The value-added angle
Processing agreements matter because the economics of mining favour those who refine. Countries that only ship unprocessed ore capture a fraction of the value chain. By framing cooperation around extraction and processing, the arrangement signals an intent to build domestic capability rather than serve purely as a raw-material supplier.
Part of a broader pattern
The agreement fits a wider 2026 trend in which consuming nations pursue direct partnerships with smaller producer states to secure critical minerals. Similar bilateral arrangements and proposed preferential trading zones have multiplied as governments respond to supply concentration in lithium, cobalt, rare earths and antimony. For Central Asian states, mineral diplomacy has become a lever for attracting investment and technology.
Considerations ahead
Turning a draft agreement into operating capacity involves substantial hurdles.

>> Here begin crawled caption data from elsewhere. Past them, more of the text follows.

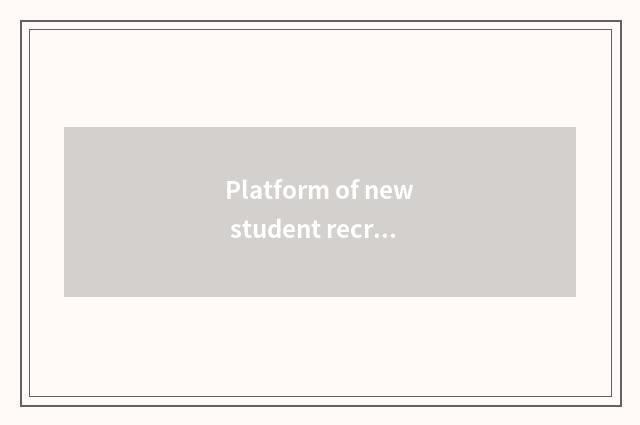 Platform of new student recreation measures fast guideline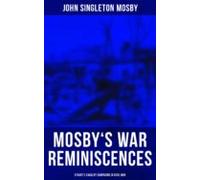 Mosbys War Reminiscences - Stuarts Cavalry Campaigns In Civil War (ebo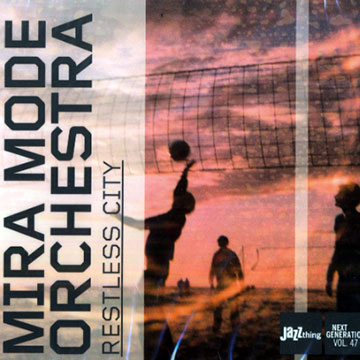 Restless city,  Mira Mode Orchestra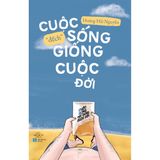  Sách - Cuộc Sống Đếch Giống Cuộc Đời 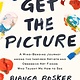 Viking Get the Picture: A Mind-Bending Journey among the Inspired Artists and Obsessive Art Fiends Who Taught Me How to See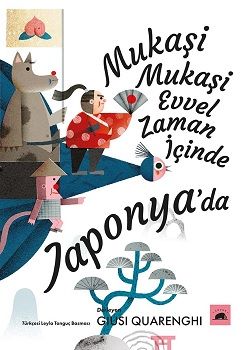 Mukaşi Mukaşi: Evvel Zaman İçinde Japonya’da - Kolektif Kitap Kitap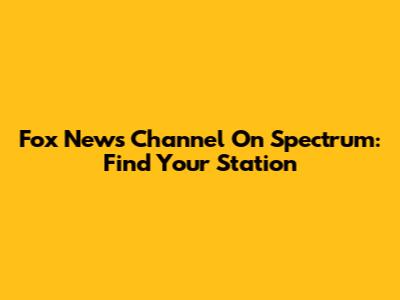 Fox News Channel On Spectrum: Find Your Station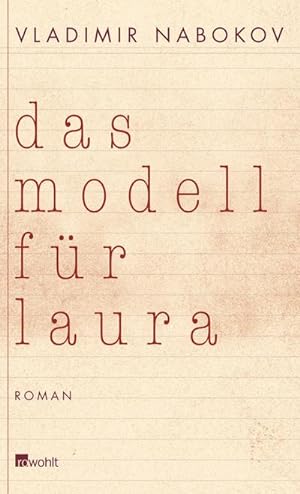 Bild des Verkufers fr Das Modell fr Laura zum Verkauf von BuchWeltWeit Ludwig Meier e.K.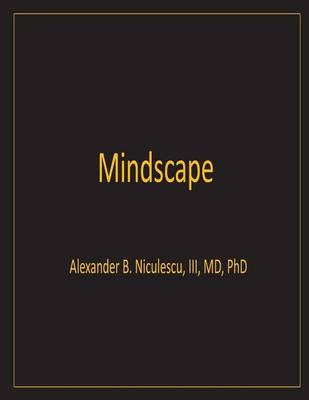Mindscape: A Convergent Perspective on Life and Mind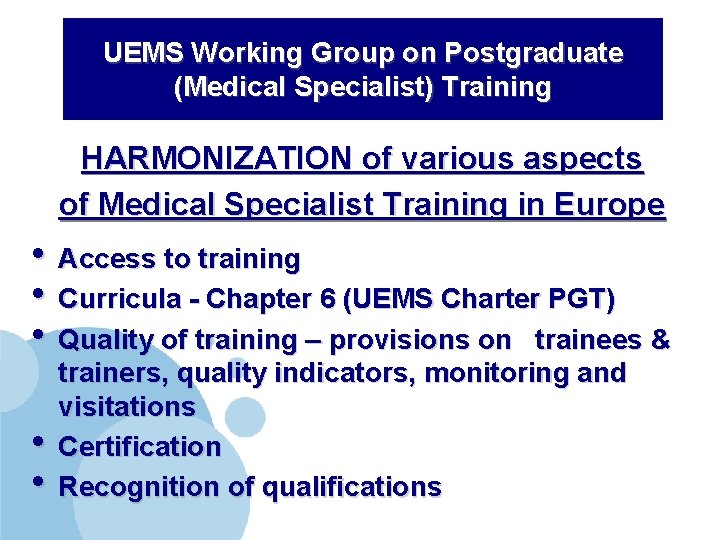 UEMS Working Group on Postgraduate (Medical Specialist) Training HARMONIZATION of various aspects of Medical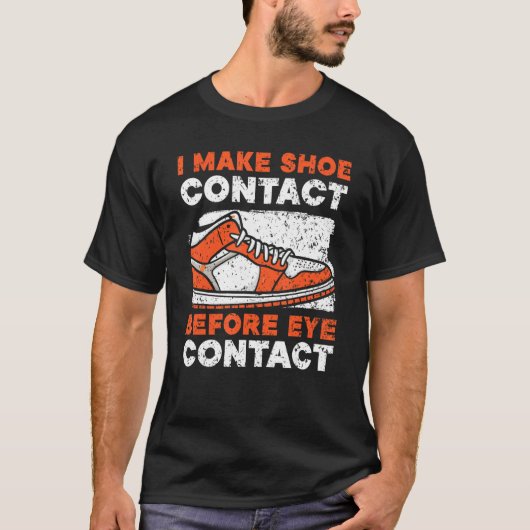 I Make Shoe Contact Before Eye Contact Sneakerhead Tシャツ (正面)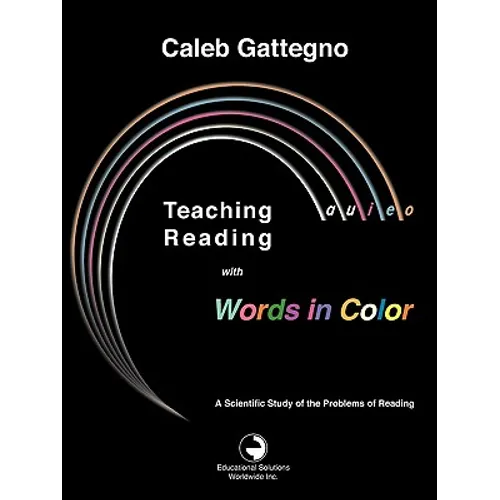 Teaching Reading with Words in Color: A Scientific Study of the Problems of Reading - Paperback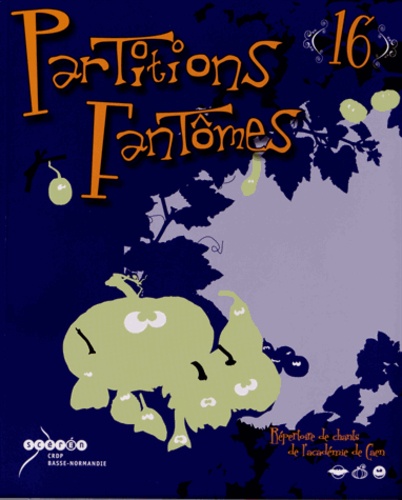  CRDP de Basse-Normandie - Partitions fantômes n° 16 - Répertoire de chants de l'académie de Caen.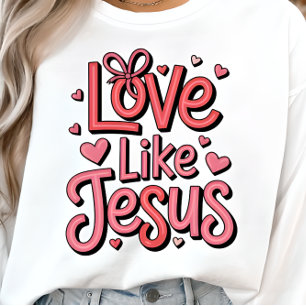 Liebe wie Jesus Christliches Damen-T-Shirt T-Shirt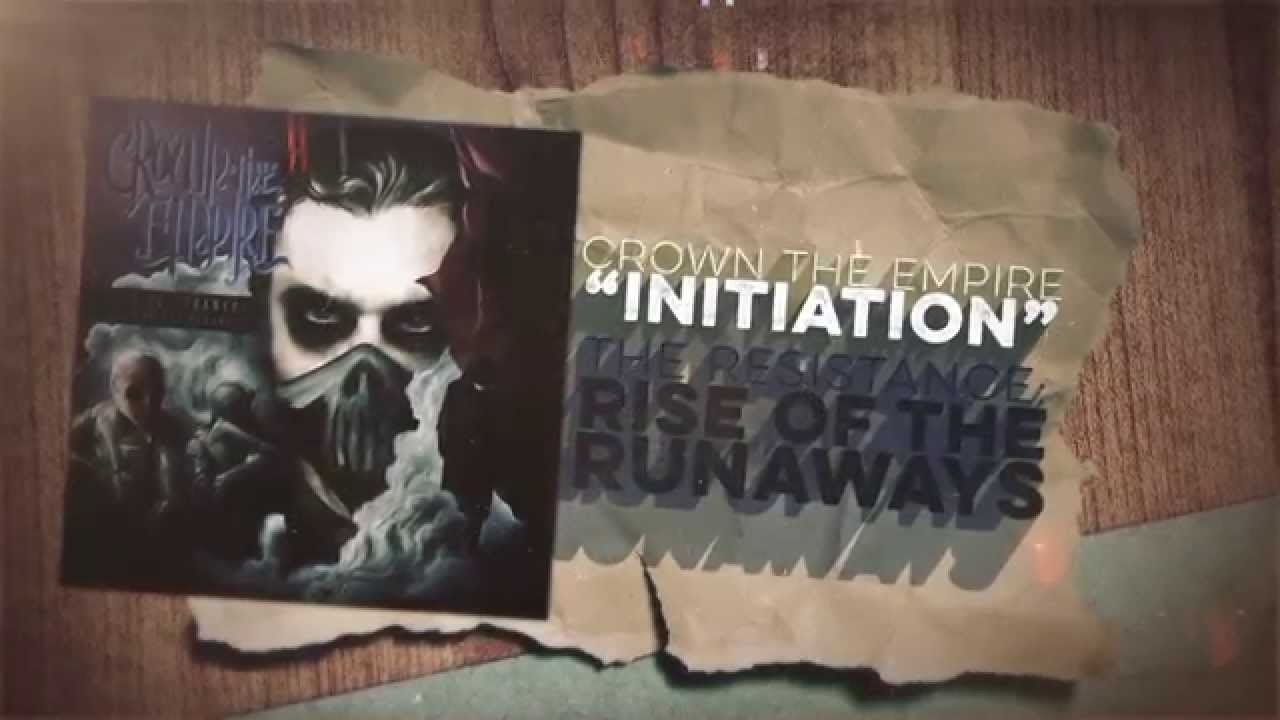 Crown the Empire – Initiation
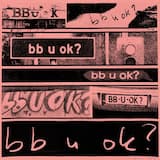 bb u ok?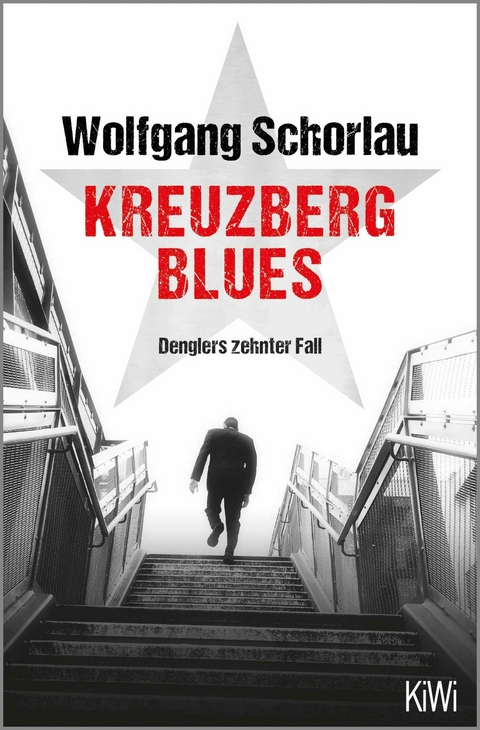 Kreuzberg Blues -  Wolfgang Schorlau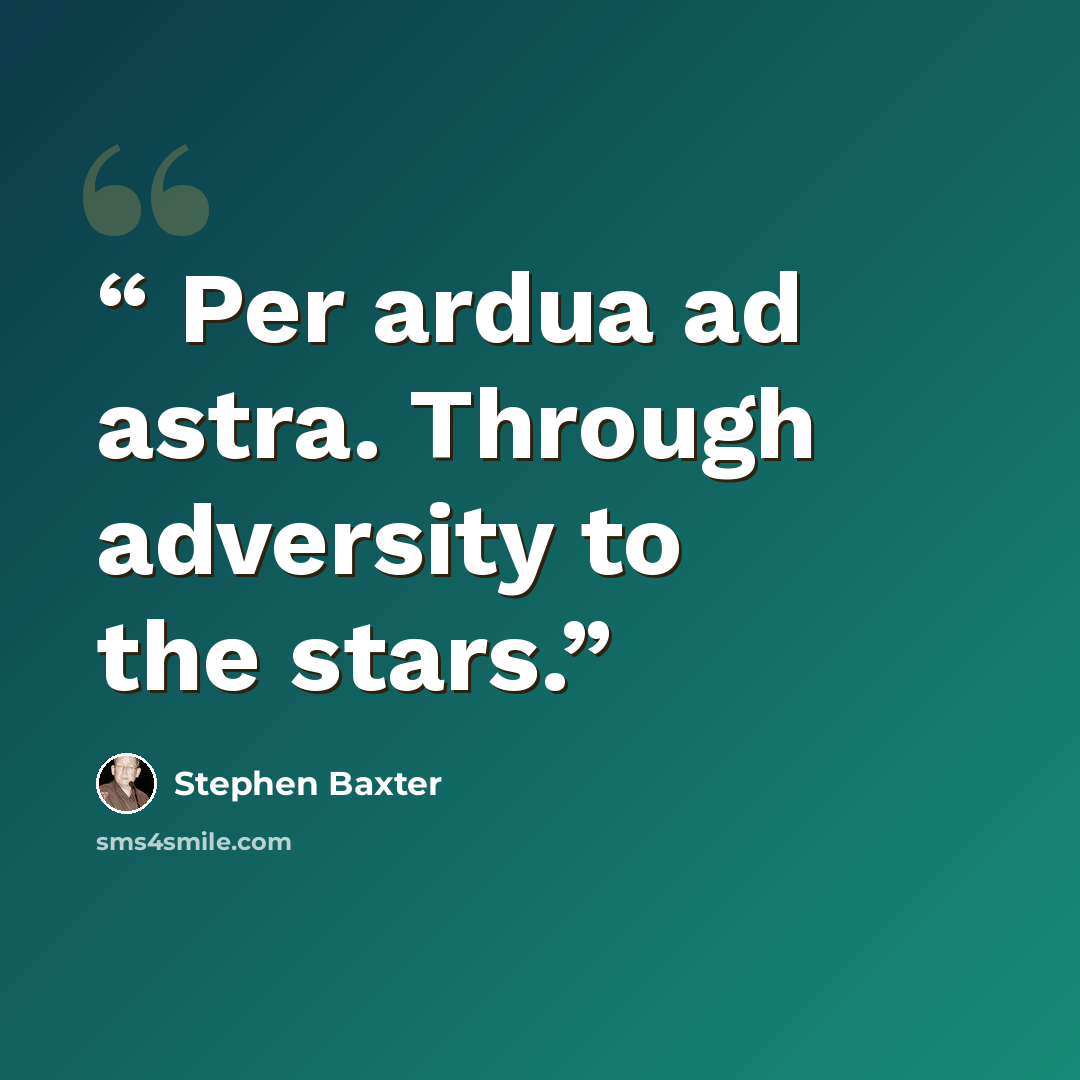 “Per ardua ad astra. Through adversity to the stars.” quote by Stephen Baxter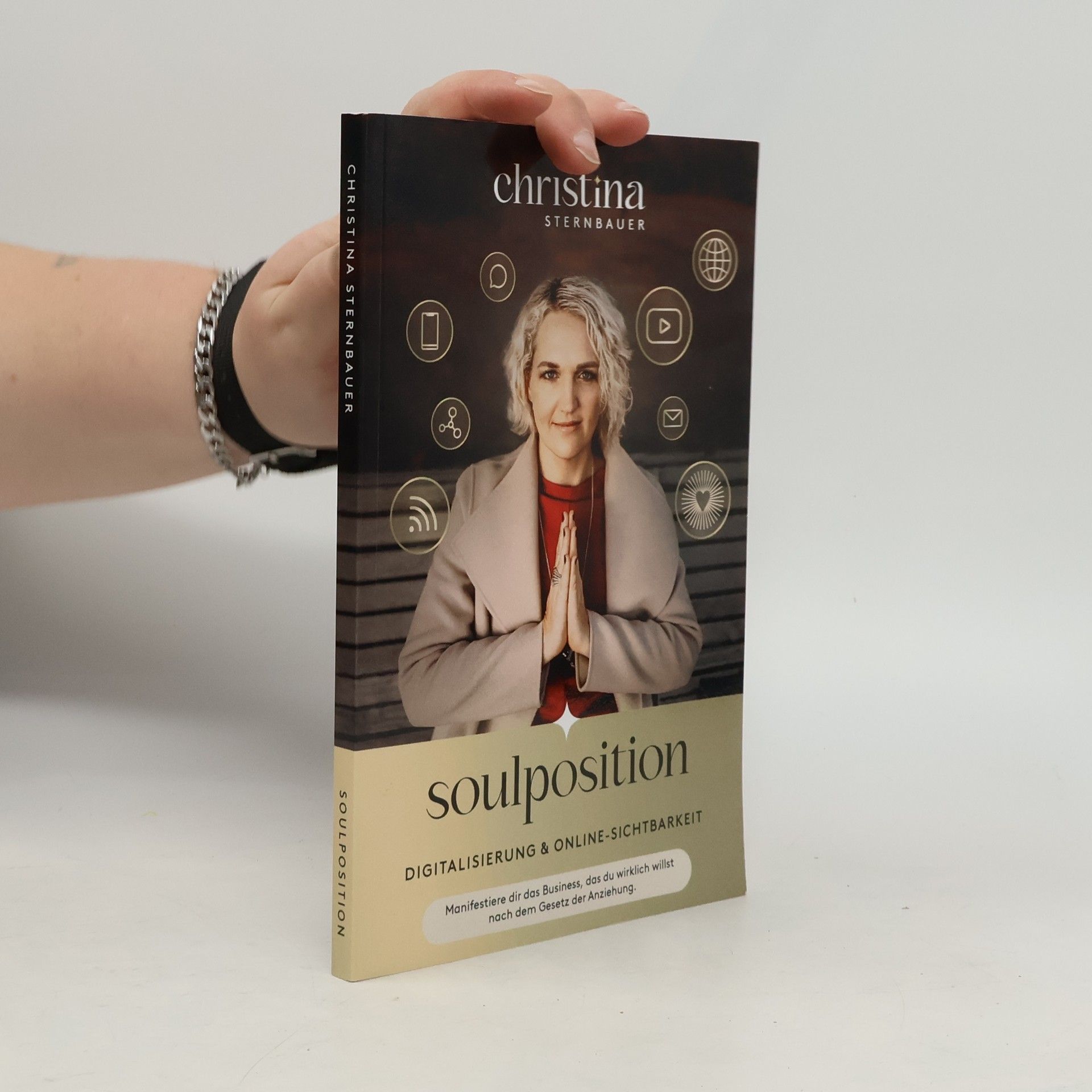 Christina Sternbauer Digitalisierung & Online Sichtbarkeit - „Soulposition“: Manifestiere dir das Business, das du wirklich willst - nach dem Gesetz der Anziehung (Ein spiritueller Business Ratgeber)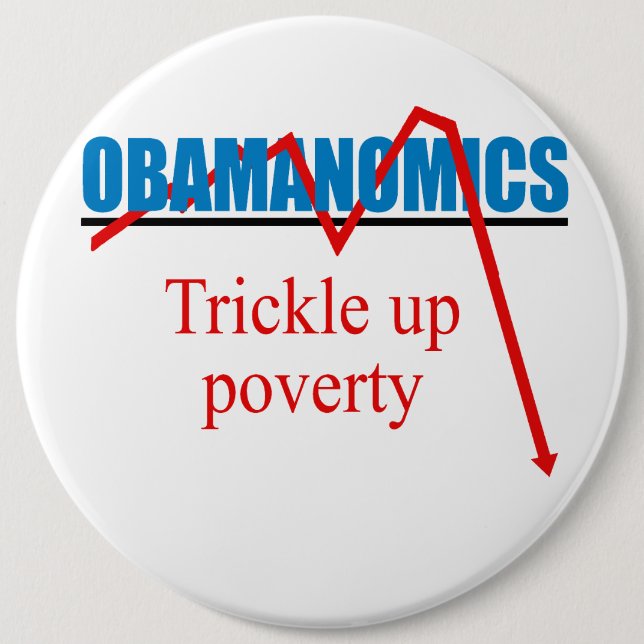 Obamanomics - Trickle up poverty 6 Inch Round Button (Front)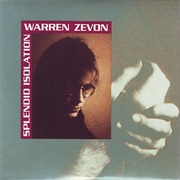 Splendid Isolation - Warren Zevon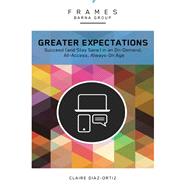 Greater Expectations: Succeed (And Stay Sane) in an On-demand, All-access, Always-on Age by Diaz-ortiz, Claire; Paddison, Diane (CON), 9780310433361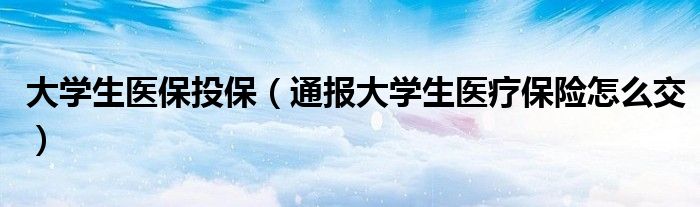 大学生医保投保(通报大学生医疗保险怎么交)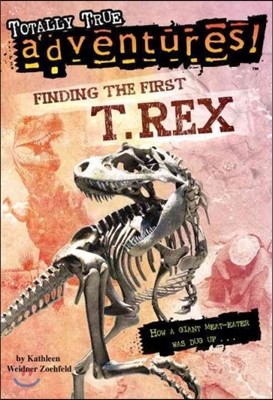 Finding the First T. Rex (Totally True Adventures): How a Giant Meat-Eater Was Dug Up...
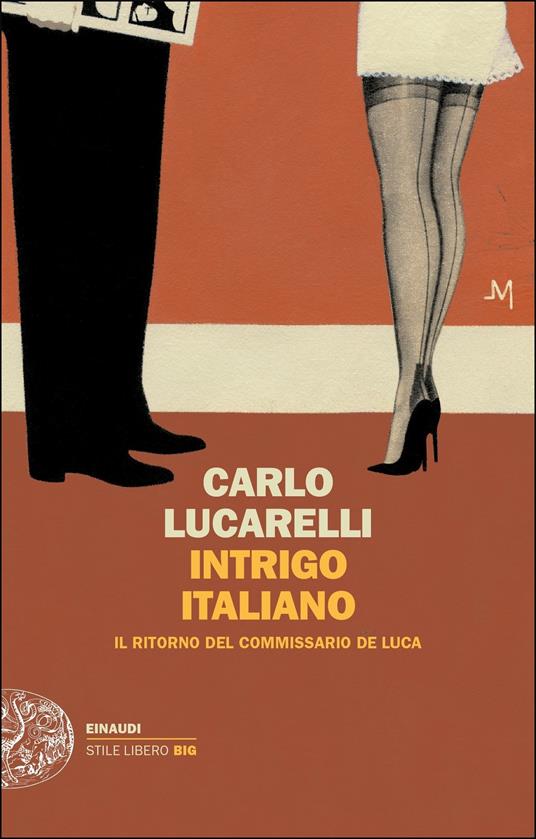 Intrigo italiano. Il ritorno del commissario De Luca - Carlo Lucarelli - ebook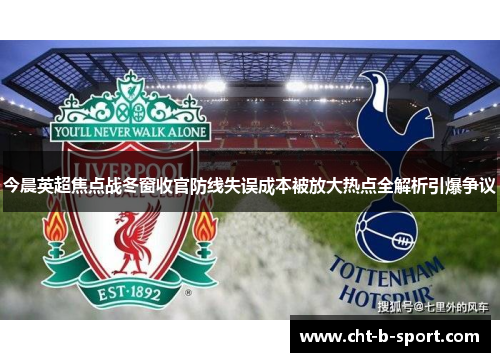 今晨英超焦点战冬窗收官防线失误成本被放大热点全解析引爆争议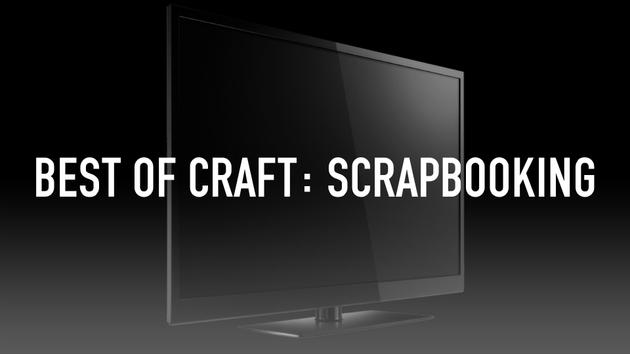Best of Craft: Scrapbooking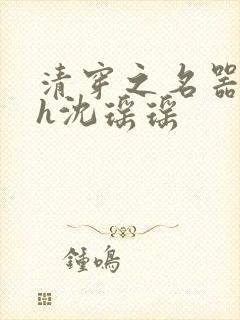 清穿之名器尤物h沈瑶瑶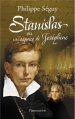 Couverture Stanislas ou un caprice de Joséphine Editions Flammarion 2013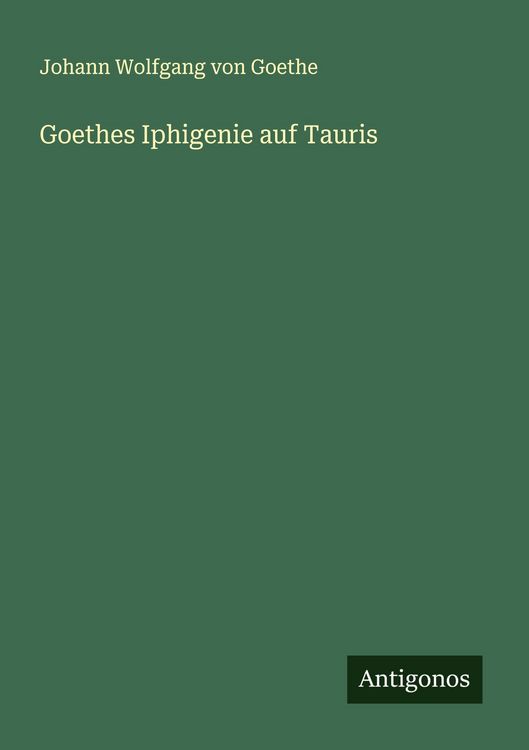 Produktbild: Goethes Iphigenie auf Tauris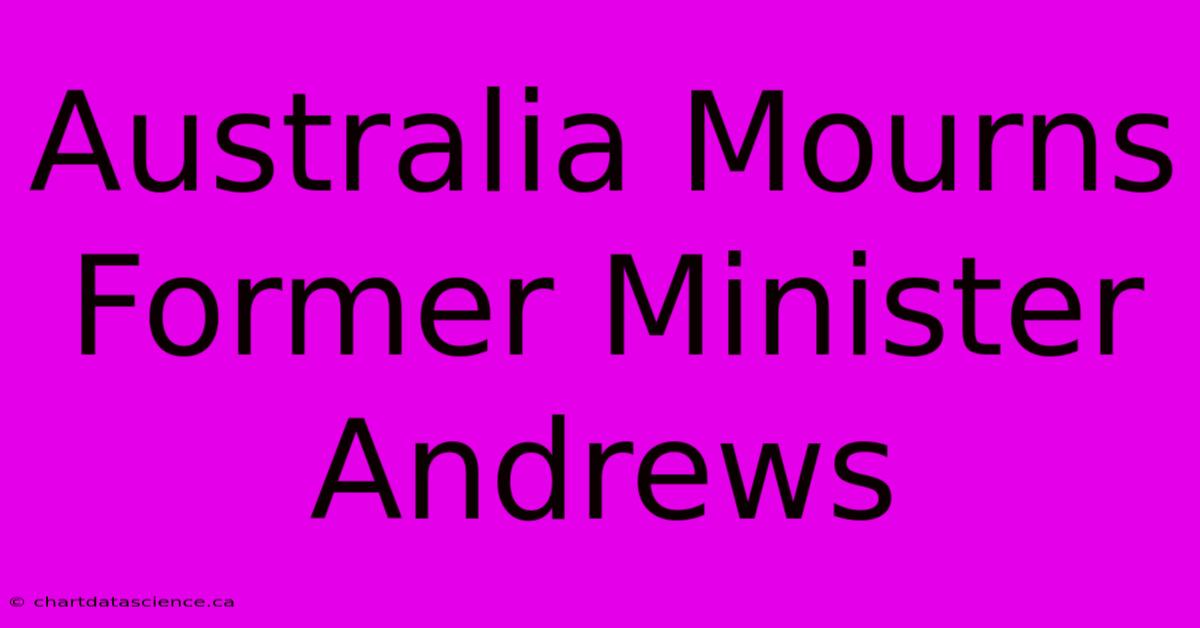 Australia Mourns Former Minister Andrews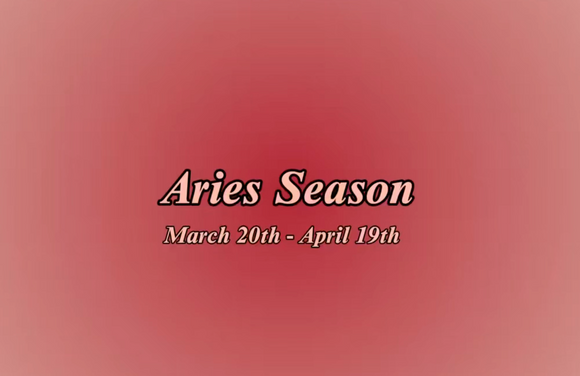 Aries Season! The First & Fiery sign of the Zodiac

- Financing: extraction and processing facilities are capital-intensive and long-lead.
- Logistics: a landlocked location complicates export routing and adds transit cost.
- Environmental management: antimony processing carries handling and waste considerations.
- Governance: transparent terms will shape how much value the host economy retains.
For Tajikistan, the agreement is an opportunity to convert geological endowment into industrial activity and export earnings, while offering the United Kingdom a foothold in a supply chain it wants to diversify. Much depends on execution: draft cooperation frameworks are common, but the projects that follow require sustained investment, infrastructure and stable terms. If realised, the partnership would add a new node to the widening map of critical-mineral supply relationships being redrawn across 2026.